In a cost-of-living crisis, these costs are getting higher, and harder to justify too. Alternative modes of transport are becoming more popular as a result, with more and more people taking up cycling to mitigate their driving costs. But where are the costs to be saved when it comes to cycling and driving?
Fuel and Transport Costs
The primary cost associated with driving is that of fuel. Petrol and diesel are costly resources and variable to boot; the average cost of fuelling a car has increased considerably in recent months, as instability in the oil industry has created stark increases in price-per-barrel.
Electric vehicles are considered the next evolution of powered transport and currently offer fuel costs roughly half that of conventional fossil-fuelled vehicles. In contrast, though, cycling costs precisely nothing in fuel costs – unless, of course, you include the cost of fuelling yourself.
Of course, the costs associated with driving are not limited to fuel. Drivers must also take out insurance in order to drive on UK roads legally – a regular cost which can mount over time. Switching to cycling entirely would negate the need for this large monthly expense, saving significant funds on ancillary transport costs.
However, many households still rely on vehicles for longer trips, let alone the carriage of larger and bulkier materials. In such cases where car ownership is still a necessity, temporary car insurance coverage can enable you to drive without the punishing cost of an annual insurance policy.
Maintenance and Repairs
Cars are complex machines, with intricate mechanisms that require consistent upkeep and attention. This is true from the engine to the braking systems, and from annual MOTs to regular service check-ups. Unless you learn to maintain your own car, labour costs relating to car maintenance can be prohibitive – and higher for older, cheaper-to-buy used cars.
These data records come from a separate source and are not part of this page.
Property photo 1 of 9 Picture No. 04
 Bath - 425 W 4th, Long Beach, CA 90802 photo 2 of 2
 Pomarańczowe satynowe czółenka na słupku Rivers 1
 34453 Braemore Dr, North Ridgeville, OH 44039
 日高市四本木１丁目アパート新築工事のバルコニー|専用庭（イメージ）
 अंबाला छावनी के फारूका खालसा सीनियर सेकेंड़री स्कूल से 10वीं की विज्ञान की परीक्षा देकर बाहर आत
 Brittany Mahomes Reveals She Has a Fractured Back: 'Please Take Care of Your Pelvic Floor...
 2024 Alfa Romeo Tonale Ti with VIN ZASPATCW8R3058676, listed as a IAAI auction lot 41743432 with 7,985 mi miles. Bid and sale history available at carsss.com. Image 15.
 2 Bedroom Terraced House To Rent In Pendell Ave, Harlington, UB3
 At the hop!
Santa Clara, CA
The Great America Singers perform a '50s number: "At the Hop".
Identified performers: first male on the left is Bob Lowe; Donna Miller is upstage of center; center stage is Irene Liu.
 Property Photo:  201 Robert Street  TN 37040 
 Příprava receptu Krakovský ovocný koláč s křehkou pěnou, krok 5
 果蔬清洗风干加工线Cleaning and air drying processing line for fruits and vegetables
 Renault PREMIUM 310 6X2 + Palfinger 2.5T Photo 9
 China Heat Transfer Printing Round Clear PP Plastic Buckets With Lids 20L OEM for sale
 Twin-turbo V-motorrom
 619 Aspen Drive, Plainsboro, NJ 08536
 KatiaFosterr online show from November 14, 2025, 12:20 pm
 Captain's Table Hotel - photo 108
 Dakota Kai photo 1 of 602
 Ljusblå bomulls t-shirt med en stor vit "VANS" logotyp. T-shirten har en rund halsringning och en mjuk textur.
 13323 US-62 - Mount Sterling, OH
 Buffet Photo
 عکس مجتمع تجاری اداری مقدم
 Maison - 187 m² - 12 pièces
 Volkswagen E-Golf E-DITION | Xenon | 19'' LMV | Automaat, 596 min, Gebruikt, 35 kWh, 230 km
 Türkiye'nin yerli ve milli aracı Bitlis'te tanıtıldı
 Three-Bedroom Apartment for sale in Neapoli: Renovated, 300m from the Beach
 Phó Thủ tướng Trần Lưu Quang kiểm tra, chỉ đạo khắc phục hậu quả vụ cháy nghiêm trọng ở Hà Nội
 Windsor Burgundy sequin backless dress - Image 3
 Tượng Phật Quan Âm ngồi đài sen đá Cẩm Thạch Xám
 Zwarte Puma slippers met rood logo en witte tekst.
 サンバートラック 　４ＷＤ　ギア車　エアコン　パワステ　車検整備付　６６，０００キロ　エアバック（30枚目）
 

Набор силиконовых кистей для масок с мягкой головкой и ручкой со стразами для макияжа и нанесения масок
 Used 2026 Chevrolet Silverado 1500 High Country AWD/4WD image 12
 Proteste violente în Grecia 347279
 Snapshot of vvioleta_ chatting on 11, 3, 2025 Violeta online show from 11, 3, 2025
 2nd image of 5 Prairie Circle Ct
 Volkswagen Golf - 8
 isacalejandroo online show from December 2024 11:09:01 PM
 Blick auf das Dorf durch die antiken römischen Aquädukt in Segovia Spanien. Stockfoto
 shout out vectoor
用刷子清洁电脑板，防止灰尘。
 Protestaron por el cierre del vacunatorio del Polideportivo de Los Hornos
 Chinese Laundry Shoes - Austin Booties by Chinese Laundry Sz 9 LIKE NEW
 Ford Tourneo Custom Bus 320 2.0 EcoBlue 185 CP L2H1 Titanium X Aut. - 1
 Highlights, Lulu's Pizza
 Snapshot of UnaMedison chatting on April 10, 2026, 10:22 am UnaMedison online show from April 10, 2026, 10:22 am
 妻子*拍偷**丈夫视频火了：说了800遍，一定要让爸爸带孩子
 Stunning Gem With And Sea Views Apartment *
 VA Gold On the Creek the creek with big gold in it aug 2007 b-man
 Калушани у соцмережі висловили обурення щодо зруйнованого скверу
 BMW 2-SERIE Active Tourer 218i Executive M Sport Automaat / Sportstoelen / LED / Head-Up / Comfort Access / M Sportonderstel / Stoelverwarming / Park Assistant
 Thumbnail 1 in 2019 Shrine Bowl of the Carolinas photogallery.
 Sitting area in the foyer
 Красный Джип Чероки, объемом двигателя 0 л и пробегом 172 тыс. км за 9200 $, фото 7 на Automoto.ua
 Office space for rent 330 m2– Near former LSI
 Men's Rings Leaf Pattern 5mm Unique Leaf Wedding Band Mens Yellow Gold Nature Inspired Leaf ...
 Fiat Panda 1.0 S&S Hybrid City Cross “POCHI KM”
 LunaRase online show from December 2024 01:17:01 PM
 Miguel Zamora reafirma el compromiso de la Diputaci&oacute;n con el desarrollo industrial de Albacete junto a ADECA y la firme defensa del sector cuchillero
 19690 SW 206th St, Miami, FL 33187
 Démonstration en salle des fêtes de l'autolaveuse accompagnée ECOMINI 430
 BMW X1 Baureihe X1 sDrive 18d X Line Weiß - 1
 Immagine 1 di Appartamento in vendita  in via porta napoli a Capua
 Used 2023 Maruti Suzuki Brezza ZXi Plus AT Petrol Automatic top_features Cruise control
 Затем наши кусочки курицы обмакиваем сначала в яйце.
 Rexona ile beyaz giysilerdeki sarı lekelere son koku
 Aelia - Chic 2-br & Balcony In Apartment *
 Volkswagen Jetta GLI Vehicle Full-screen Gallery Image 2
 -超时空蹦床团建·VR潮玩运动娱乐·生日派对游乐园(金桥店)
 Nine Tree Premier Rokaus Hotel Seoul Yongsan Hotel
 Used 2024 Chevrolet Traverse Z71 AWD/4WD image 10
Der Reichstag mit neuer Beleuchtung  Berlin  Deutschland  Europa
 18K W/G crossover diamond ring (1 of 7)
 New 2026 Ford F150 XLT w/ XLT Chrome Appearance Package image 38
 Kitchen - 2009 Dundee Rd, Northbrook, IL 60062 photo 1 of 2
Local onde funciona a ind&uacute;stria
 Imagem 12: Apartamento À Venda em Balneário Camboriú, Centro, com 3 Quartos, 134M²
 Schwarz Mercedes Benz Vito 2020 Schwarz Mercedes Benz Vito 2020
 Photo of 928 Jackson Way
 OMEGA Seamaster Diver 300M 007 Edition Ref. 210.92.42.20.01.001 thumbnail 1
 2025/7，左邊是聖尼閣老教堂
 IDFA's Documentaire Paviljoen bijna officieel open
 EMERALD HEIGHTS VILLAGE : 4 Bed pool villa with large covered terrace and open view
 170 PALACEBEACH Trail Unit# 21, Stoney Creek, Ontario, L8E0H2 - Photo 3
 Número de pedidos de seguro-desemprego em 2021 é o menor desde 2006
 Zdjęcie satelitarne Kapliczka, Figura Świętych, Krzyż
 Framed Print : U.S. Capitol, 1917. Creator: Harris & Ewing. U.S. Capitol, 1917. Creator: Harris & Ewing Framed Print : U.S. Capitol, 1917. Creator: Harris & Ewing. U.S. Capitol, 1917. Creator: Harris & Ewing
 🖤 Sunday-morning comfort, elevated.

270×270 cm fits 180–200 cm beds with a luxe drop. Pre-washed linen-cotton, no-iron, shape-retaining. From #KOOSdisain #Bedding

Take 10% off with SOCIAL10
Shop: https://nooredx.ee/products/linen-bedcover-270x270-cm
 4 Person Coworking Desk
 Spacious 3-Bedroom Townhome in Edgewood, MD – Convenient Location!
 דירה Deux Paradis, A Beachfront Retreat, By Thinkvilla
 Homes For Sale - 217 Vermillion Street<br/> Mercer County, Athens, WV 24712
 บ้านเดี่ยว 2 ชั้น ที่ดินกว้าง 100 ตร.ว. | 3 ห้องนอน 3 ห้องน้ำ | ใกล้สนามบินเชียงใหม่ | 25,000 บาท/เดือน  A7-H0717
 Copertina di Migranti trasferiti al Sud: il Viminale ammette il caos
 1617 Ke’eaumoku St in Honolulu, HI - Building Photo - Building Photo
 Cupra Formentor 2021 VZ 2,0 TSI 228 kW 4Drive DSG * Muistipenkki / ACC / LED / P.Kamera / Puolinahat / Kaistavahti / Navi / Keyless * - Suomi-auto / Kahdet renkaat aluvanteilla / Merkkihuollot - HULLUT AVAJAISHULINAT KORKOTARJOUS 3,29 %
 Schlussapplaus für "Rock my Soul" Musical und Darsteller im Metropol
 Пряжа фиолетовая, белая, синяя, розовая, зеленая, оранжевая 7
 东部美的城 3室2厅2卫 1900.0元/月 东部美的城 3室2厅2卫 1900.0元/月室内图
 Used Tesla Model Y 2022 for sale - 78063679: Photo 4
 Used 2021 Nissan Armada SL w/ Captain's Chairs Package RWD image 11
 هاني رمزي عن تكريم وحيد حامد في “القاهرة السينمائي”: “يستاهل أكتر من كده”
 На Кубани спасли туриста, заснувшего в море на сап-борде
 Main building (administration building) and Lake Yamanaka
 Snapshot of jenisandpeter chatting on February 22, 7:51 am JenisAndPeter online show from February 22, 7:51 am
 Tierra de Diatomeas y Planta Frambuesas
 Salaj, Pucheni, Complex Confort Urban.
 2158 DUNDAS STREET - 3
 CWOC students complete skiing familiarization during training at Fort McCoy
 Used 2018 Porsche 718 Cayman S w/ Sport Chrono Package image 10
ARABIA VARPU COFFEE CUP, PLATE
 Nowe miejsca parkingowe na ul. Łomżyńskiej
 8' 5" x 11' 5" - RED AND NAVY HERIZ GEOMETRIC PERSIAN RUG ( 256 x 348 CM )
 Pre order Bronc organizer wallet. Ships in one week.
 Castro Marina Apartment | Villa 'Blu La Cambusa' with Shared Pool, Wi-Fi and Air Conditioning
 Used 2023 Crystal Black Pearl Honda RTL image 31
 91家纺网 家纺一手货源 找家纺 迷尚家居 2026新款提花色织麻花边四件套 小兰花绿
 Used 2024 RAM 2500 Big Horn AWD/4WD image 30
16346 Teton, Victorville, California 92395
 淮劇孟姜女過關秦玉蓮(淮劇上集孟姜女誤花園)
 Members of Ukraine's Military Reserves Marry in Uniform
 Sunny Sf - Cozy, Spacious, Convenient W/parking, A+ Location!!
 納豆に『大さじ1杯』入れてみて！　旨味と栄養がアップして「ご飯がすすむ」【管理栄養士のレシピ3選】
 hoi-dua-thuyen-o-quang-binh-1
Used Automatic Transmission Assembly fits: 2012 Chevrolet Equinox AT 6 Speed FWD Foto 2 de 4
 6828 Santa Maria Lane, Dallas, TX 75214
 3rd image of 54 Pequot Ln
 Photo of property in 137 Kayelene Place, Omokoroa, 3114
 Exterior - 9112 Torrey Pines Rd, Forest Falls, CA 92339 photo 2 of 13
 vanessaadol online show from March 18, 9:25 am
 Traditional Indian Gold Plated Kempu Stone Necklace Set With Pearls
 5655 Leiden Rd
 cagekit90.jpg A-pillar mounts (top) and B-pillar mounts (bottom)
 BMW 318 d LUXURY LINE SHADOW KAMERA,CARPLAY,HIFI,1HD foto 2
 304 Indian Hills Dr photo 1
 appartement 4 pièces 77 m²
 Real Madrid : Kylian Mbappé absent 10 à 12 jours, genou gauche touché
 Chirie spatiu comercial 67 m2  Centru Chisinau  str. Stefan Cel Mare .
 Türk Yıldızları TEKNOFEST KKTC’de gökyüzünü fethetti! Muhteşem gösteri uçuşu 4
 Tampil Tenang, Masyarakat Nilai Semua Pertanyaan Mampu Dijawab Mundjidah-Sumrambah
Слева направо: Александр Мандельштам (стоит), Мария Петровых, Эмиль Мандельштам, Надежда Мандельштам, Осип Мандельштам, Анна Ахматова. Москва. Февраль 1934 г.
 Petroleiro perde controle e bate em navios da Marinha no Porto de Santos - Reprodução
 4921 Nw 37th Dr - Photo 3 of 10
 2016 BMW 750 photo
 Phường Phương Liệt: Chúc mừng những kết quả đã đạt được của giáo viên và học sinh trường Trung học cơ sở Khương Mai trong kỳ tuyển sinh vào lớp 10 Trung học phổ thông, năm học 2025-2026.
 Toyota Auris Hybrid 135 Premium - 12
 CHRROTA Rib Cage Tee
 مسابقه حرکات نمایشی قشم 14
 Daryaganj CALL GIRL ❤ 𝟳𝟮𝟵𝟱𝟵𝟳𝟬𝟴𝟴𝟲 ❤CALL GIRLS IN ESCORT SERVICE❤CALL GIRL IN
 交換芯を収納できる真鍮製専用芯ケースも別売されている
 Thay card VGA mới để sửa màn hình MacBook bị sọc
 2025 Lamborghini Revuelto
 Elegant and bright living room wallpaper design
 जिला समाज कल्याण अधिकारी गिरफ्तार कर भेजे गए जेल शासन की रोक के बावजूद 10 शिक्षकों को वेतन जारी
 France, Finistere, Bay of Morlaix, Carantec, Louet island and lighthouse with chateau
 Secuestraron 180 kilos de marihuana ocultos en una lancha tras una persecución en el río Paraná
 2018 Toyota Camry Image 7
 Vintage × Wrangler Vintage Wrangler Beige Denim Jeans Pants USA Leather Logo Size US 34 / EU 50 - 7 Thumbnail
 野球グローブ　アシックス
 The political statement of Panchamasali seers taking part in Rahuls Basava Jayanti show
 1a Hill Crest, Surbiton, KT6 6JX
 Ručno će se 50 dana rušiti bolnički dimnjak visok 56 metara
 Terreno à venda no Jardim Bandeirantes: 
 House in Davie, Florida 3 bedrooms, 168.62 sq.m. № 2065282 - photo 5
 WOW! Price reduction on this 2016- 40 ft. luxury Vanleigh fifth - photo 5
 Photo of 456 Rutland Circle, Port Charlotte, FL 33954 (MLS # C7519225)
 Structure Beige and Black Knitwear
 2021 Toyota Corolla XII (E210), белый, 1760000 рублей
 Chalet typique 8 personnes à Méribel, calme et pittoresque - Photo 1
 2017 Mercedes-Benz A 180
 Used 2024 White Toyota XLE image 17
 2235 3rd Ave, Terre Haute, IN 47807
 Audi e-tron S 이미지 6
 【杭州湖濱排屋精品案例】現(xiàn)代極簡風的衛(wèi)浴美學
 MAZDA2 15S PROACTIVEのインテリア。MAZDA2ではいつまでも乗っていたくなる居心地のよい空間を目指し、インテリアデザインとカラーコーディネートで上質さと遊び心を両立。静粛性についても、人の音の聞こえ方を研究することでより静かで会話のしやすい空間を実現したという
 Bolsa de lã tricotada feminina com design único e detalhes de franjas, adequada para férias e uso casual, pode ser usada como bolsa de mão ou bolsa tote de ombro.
Bicycles also need regular maintenance and repairs, but these repairs are far cheaper to undertake – and often far simpler to fix at home. In replacing driving with cycling, service costs can be practically nullified. For those that subsidise their driving with cycling, though, a different form of benefit emerges. Reduced driving means reduced wear and strain on your car, resulting in reduced maintenance costs across the board.
Health and Healthcare
Finally, it would be impossible to talk about shifting to cycling without addressing the health differences between driving and cycling. This is because health and healthcare bring with them their own costs, which are often forgotten when weighing up cost benefits.
Cycling is a healthier mode of transport than driving, promoting better cardiovascular health than the sedentary lifestyle that driving can promote. This can be life-extending, but more importantly, quality-of-life-improving; with a fitter body and healthier mind, costs associated with healthcare issues like obesity and skeletomuscular disorder are mitigated.